Long Stratton bypass faces cash battle
PUBLISHED: 08:51 08 December 2008 | UPDATED: 10:49 12 July 2010
East Anglian communities campaigning for long-awaited road improvements have been warned that they face an even tougher fight due to lack of government cash.
East Anglian communities campaigning for long-awaited road improvements - including Long Stratton - have been warned that they face an even tougher fight due to lack of government cash.
Fortunately, funding to dual the final stretch of the A11 from Barton Mills to Thetford has already been secured and work should start in 2010 and be finished in 2013.

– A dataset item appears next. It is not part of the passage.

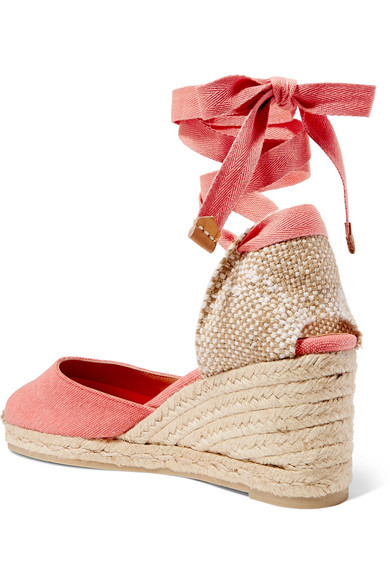 Castaner Carina 60 Canvas Wedge Espadrilles 40 NET A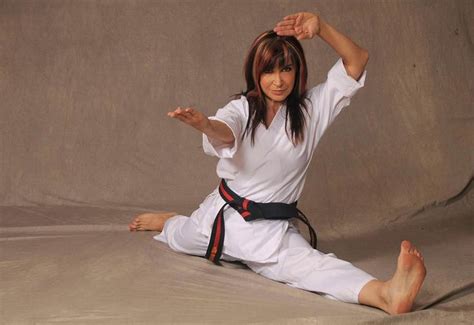 White Karate Gi Still Looks Best On Grand Master Cynthia Rothrock Aka Lady Dragon Martial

It is among 21 transport schemes in the East of England which have got half the £1.2bn budget from the government up to 2018/19.
Some of the projects have already been completed and the list includes the A11 Attleborough bypass and the South Lowestoft relief road.
But three Norfolk schemes - the £116.5m Norwich northern distributor Road, the £53m A47 dualling from Blofield to North Burlingham and the £34m Long Stratton bypass - will have to battle with 32 other projects worth £900m chasing just £80m over the next five years.
Those that are unsuccessful will go into a pot with 65 other schemes to bid for the remaining £500m up to 2018/19.
Within that 65 - which can only start bidding after 2013/14 - are the A47 Acle Straight dualling, the A47 Middleton-East Winch dualling, the A47 North Tuddenham-Easton dualling, junction improvements on the A47 at King's Lynn, on the Norwich southern bypass and at Vauxhall and Gapton Hall at Yarmouth, the A10 West Winch bypass, the Yarmouth third river crossing, the Norwich rapid transit scheme, the A11 Fiveways junction, the Lowestoft third river crossing, the A1065 Brandon bypass and the Lowestoft access package.
The East of England Regional Assembly (EERA) warned there would be fierce competition for the schemes due to the limited government money.
The full regional assembly will discuss transport priorities at its meeting in Norwich on January 30 and recommendations have to be made to the government by the end of February.
John Reynolds, EERA chairman, said: “Whilst we are pleased to give our advice, we are disappointed that recent government announcements have not significantly increased the funding pot for transport in the region.”
Meanwhile, plans went on display on Friday to show people what the new stretch of the A11 between Barton Mills and Thetford will look like.